With a fierce yell, Annie cannonballed into the cold, clear water, making as much of a splash as possible, soaking Mary Lou in her wake. For the first time she could remember, Mary Lou had the sense that her sister stood apart from her, that though she could jump in after, they would not share exactly the same water. She tried not to be afraid.

One Thursday in March, the circus had come through Humble, Nebraska, like a rogue spring wind, the kind that kicks pollen into the air and sends the shoots up too early. Annie bent toward the sun of that circus like a March daffodil, blooming full. She especially loved the daring acrobats, and one in particular, a dark-eyed, ruddy-cheeked boy named Jacques-Paul. He had a crooked front tooth that reminded Mary Lou of a lady crossing her legs, and when he smiled, there was something slightly naughty in it. Annie felt the pull of that circus in her bones. She spent her afternoons with the lion tamers and clowns. The bearded lady taught her to play the mandolin, and the snake charmer said she was a natural.
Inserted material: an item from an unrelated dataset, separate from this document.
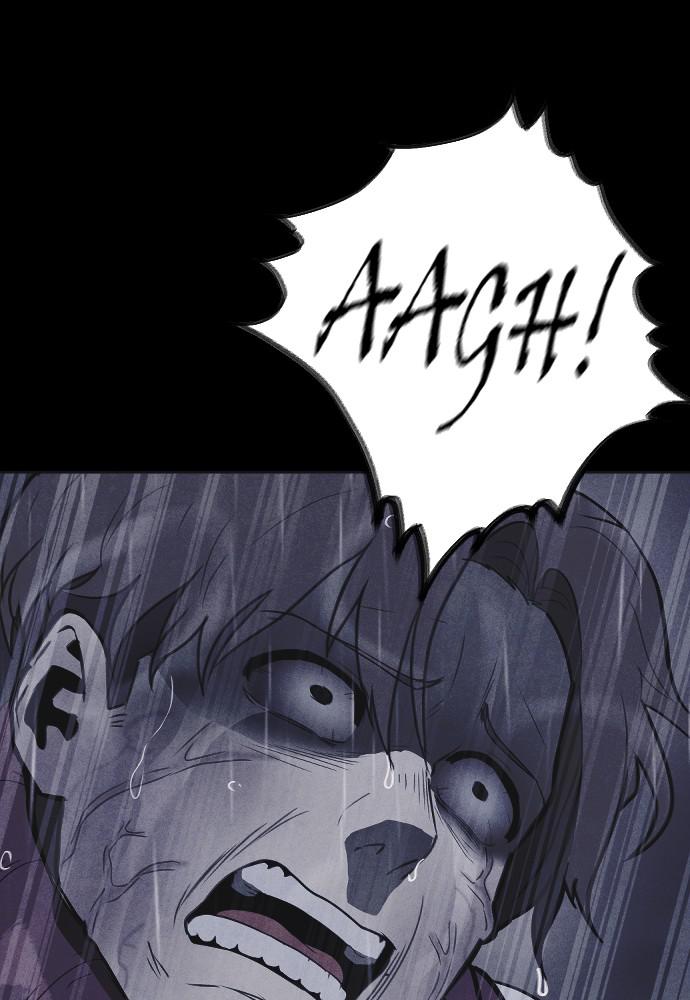 Read Shotgun Boy (en) Manga Online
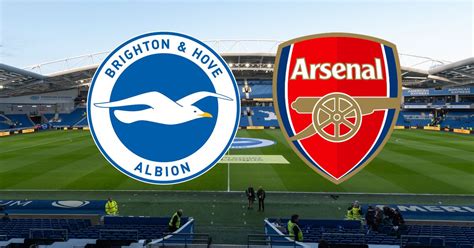 Stream sports, get football scores, live sports news and more. LIVE! Brighton vs Arsenal EPL Soccer Streams 20 Jun 2020 ...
But she always ended up in the big tent, her eyes trained on Jacques-Paul as he defied the odds, grabbing through thin air at nothing, finding temporary safety in the bar at the last minute.

“Climb,” he commanded and extended a hand.

Annie shed her shoes and stockings and scaled the ladder. On the platform, she closed her eyes and put out her hands. And then she was screaming and laughing far above the net, his arm around her waist like the surest harness.

It was during lunch period that Mary Lou saw Annie standing by the chain-link fence that guarded the middle school’s muddy running track. Her battered, butter-plaid suitcase was at her feet. She’d stopped wearing her hair in pigtails, and now it ranged about her shoulders like kudzu, untamed, uncontainable.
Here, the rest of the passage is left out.